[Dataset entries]
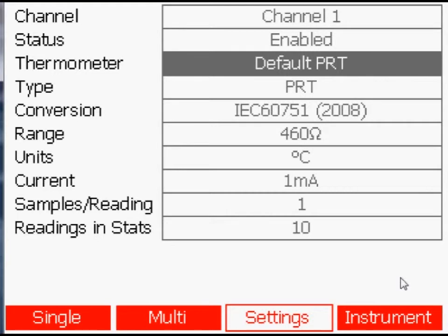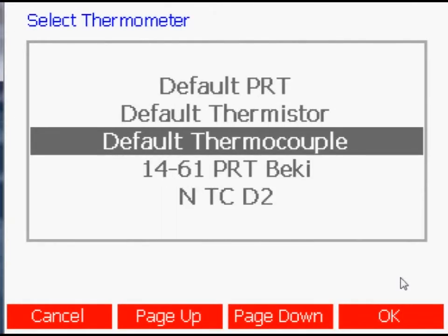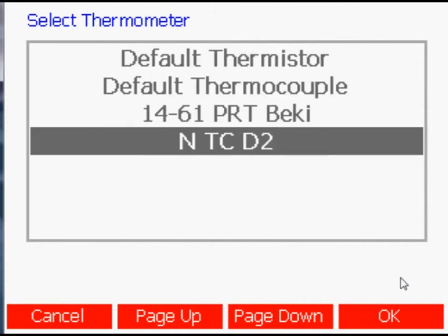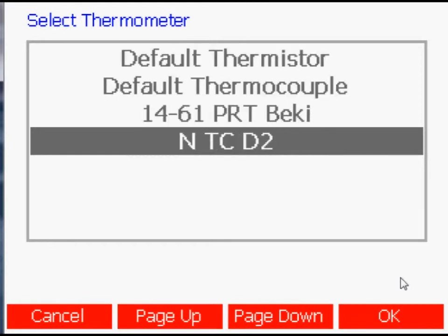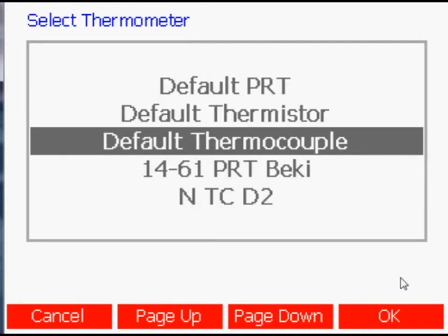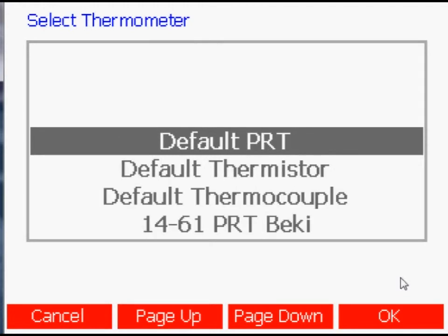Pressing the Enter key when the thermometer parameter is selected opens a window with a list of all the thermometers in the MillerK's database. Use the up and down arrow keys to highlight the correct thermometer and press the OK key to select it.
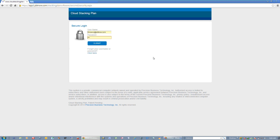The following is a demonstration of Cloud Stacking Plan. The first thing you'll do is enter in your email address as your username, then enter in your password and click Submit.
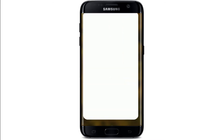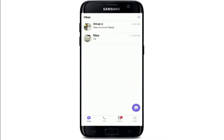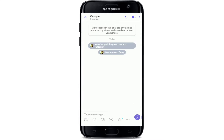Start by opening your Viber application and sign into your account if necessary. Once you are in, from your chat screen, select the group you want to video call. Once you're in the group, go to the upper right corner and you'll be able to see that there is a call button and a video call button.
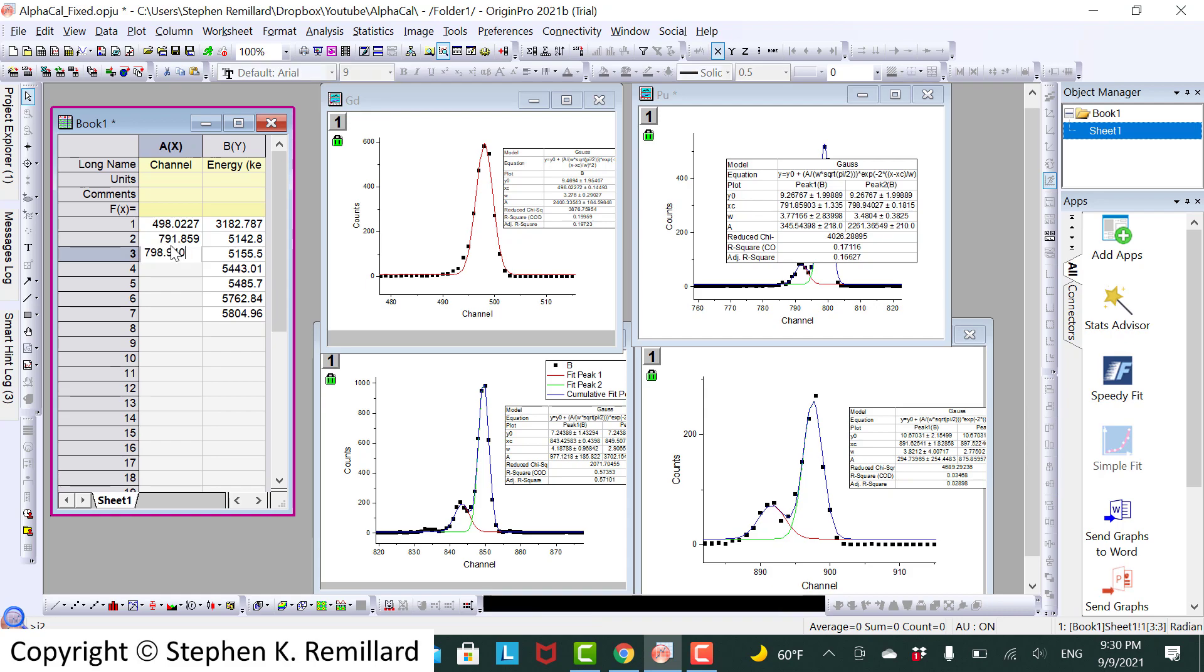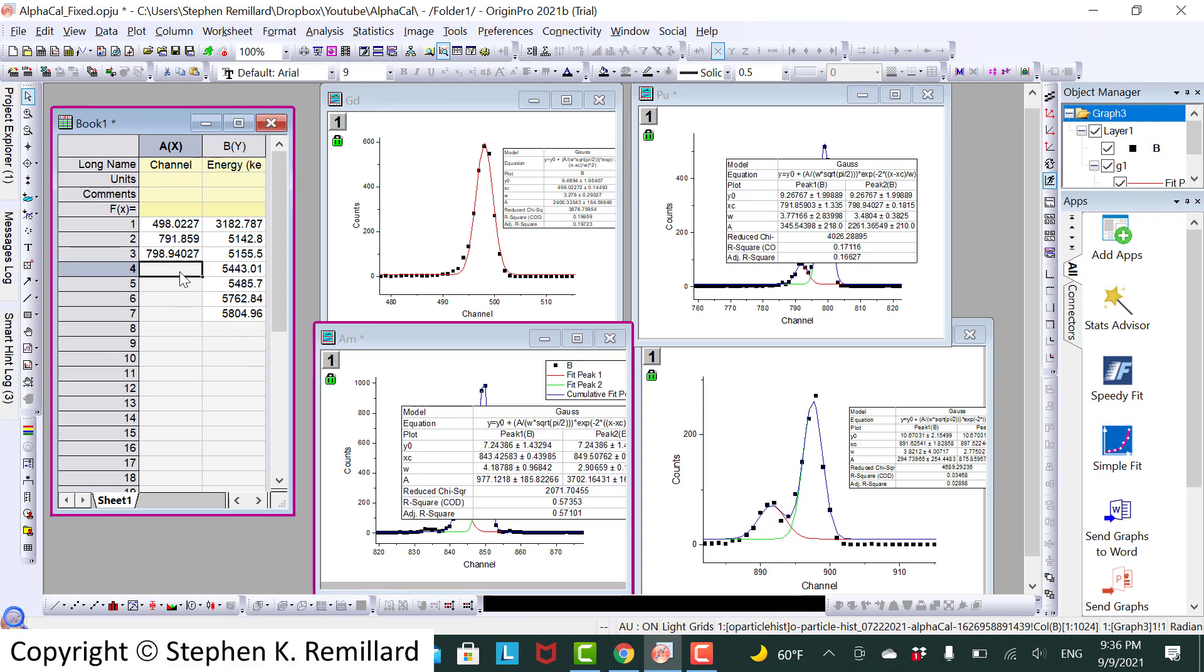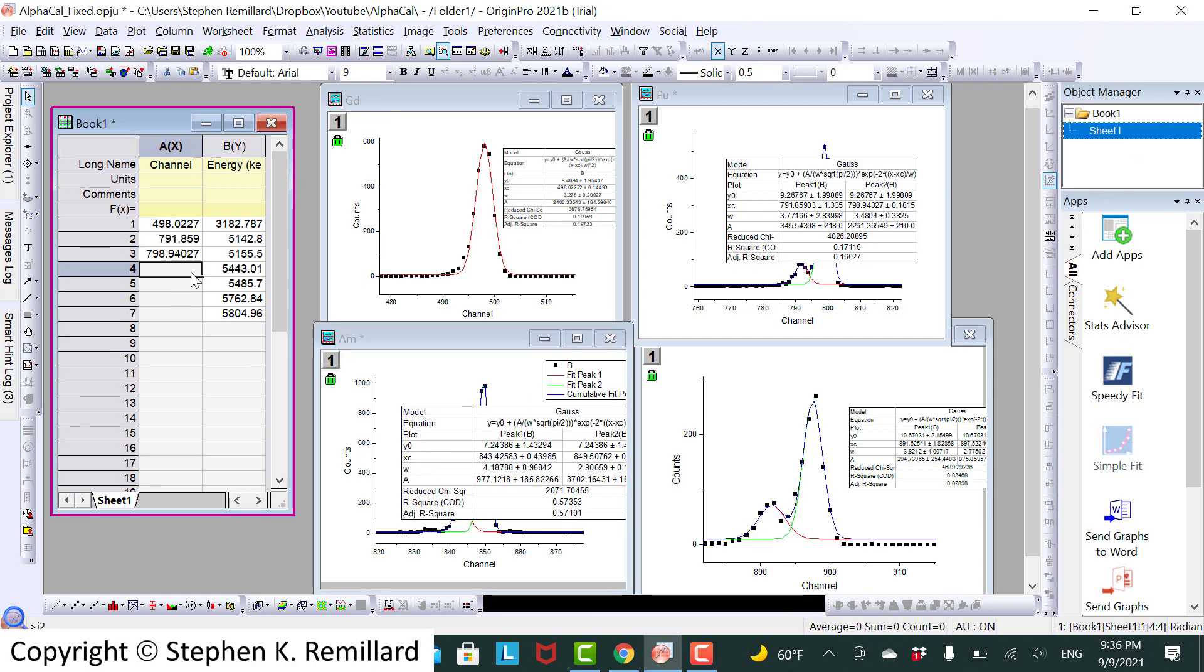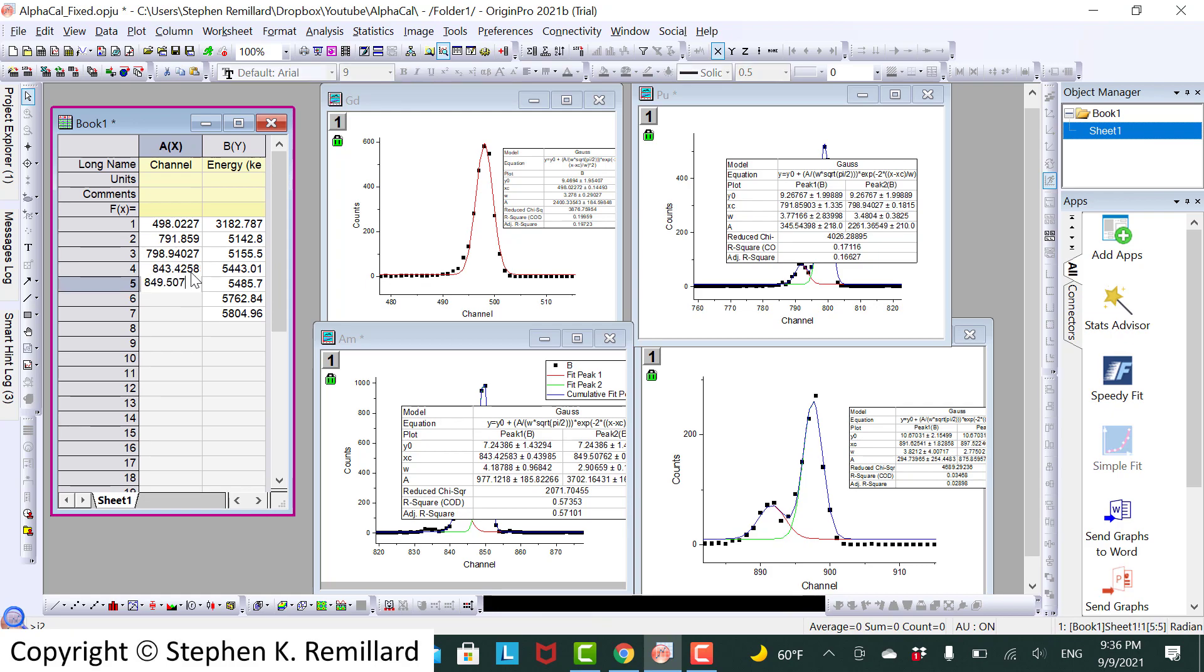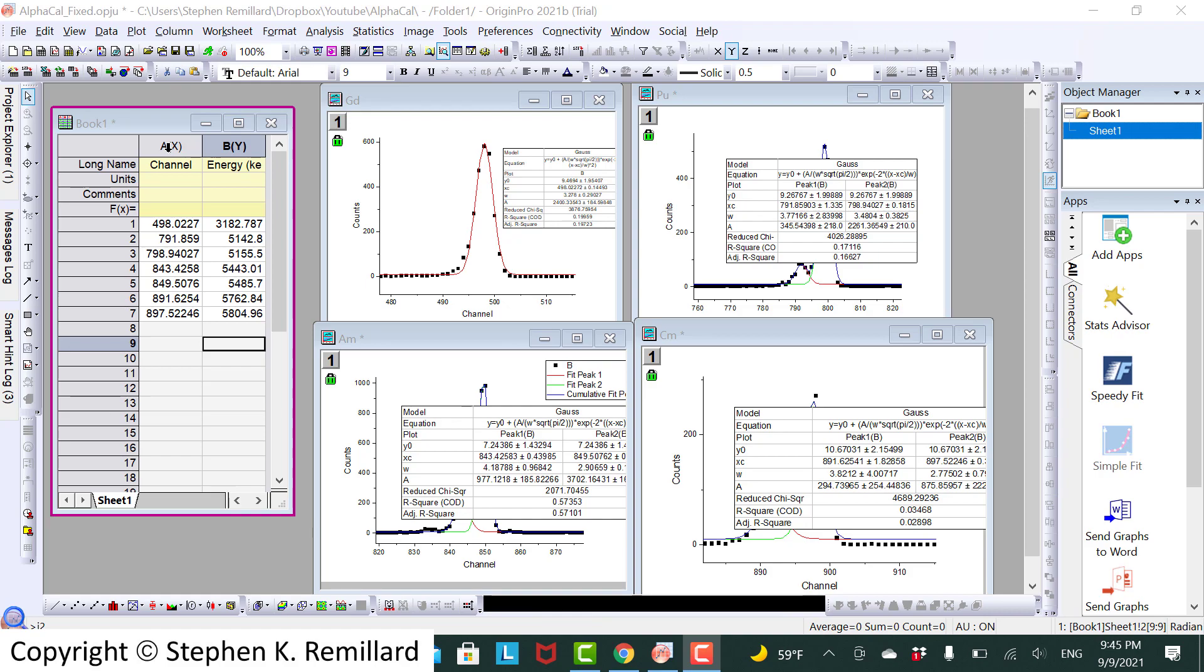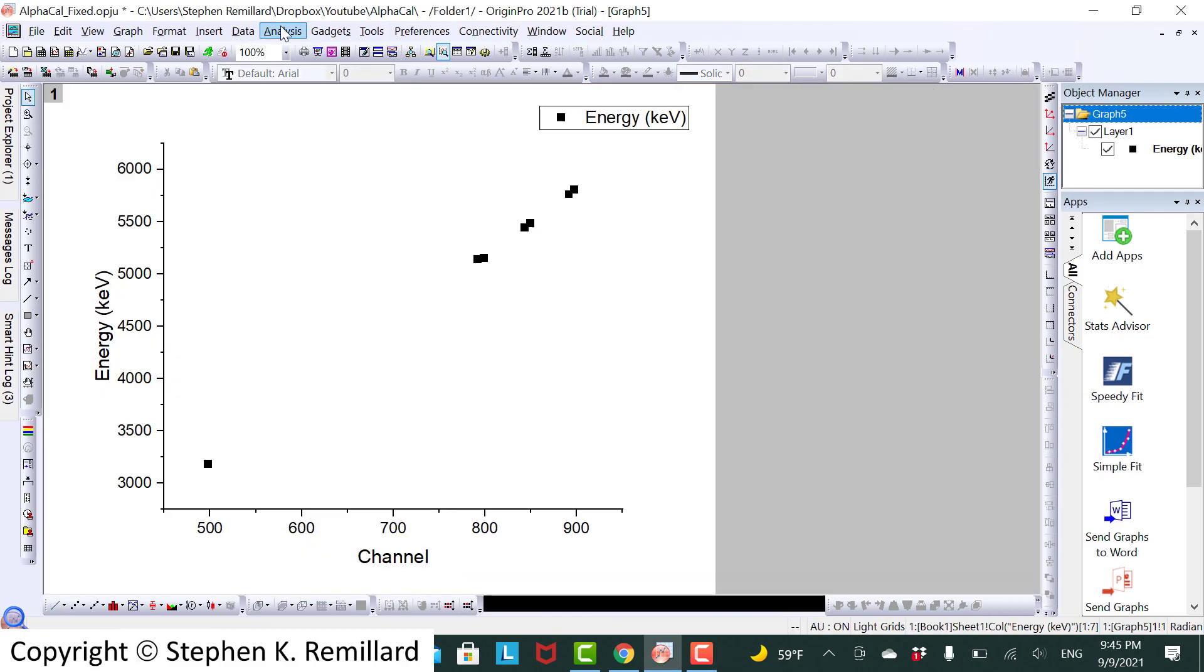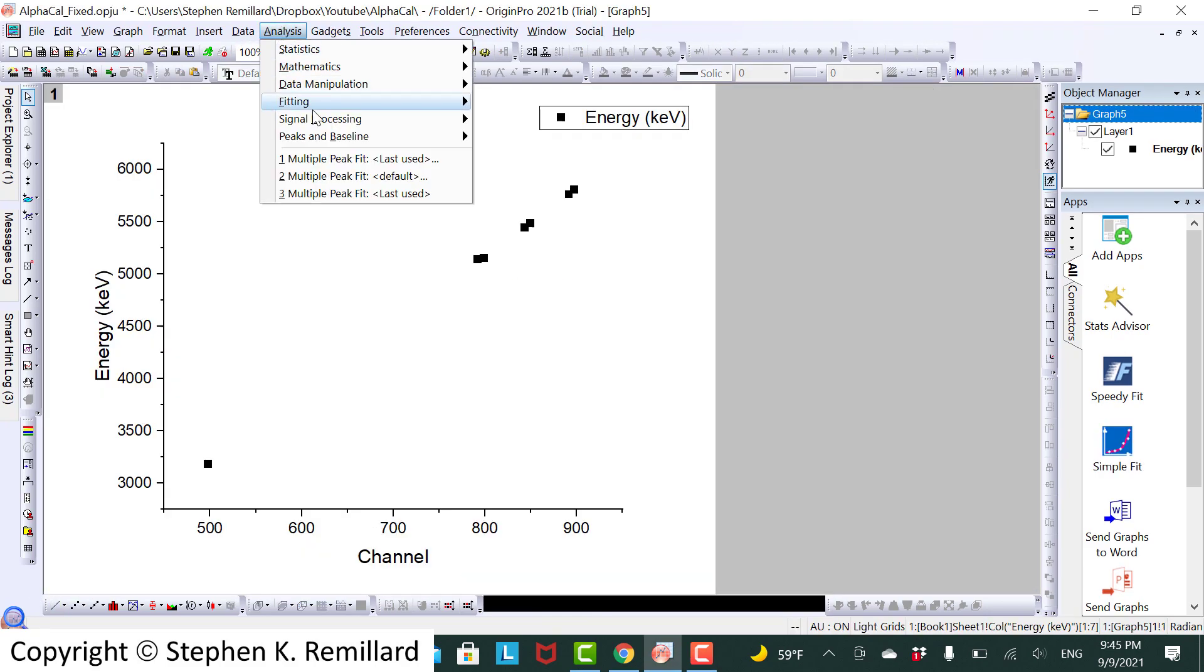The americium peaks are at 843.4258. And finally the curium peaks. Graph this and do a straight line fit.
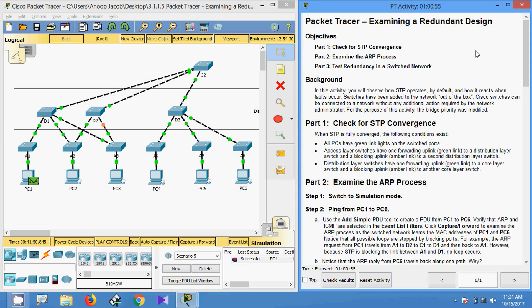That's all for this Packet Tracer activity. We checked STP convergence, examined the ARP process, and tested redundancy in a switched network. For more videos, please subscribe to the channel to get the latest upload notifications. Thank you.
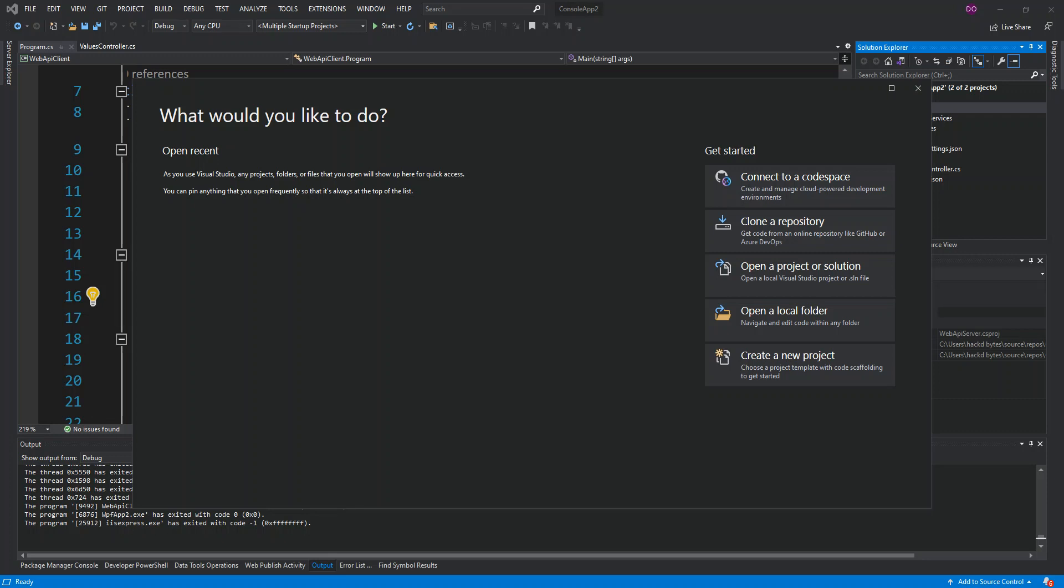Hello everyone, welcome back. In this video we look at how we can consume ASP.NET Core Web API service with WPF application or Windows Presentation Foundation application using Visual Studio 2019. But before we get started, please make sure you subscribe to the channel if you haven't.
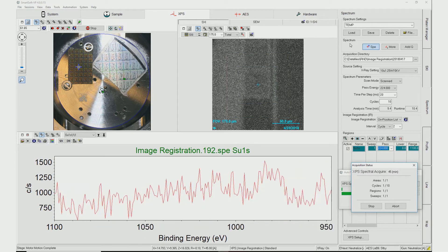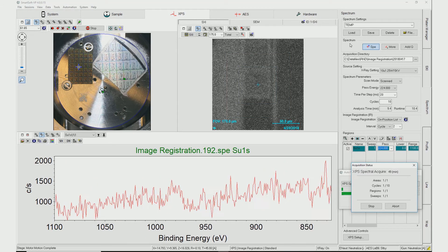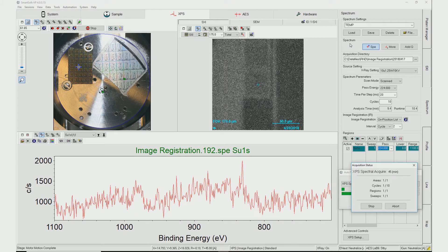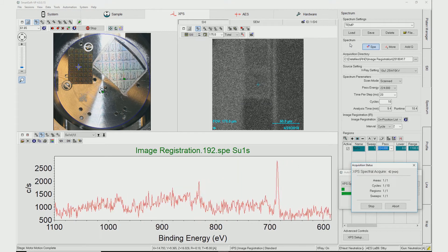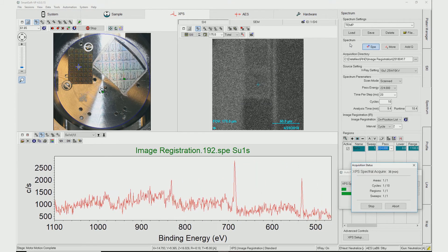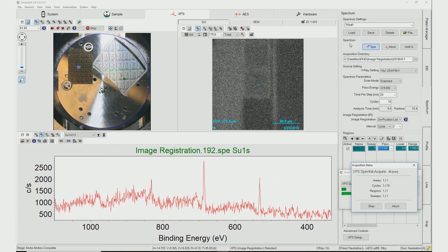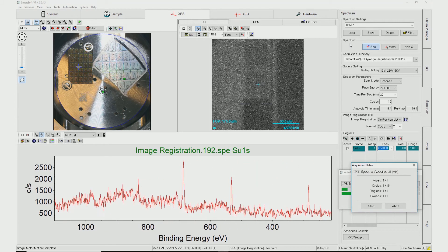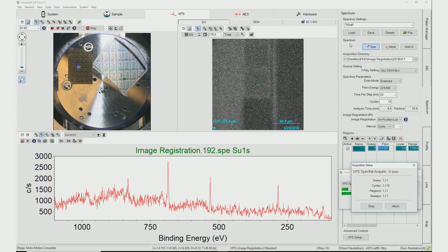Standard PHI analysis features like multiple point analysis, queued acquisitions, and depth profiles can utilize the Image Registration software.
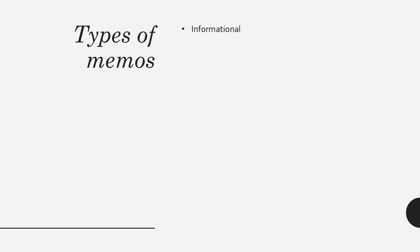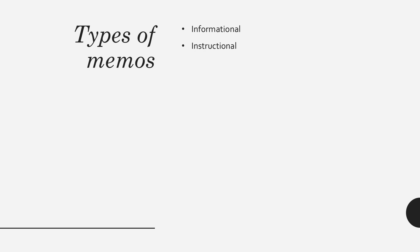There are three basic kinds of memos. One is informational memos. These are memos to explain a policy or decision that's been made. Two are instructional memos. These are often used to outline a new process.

Task directions
Respond with the exact lines above running from the one containing "That's all for" to the one containing "Standard PHI analysis", both ends kept and no pictures included.

Task solution
That's all for this Packet Tracer activity. We checked STP convergence, examined the ARP process, and tested redundancy in a switched network. For more videos, please subscribe to the channel to get the latest upload notifications. Thank you.
Hello everyone, welcome back. In this video we look at how we can consume ASP.NET Core Web API service with WPF application or Windows Presentation Foundation application using Visual Studio 2019. But before we get started, please make sure you subscribe to the channel if you haven't.
Standard PHI analysis features like multiple point analysis, queued acquisitions, and depth profiles can utilize the Image Registration software.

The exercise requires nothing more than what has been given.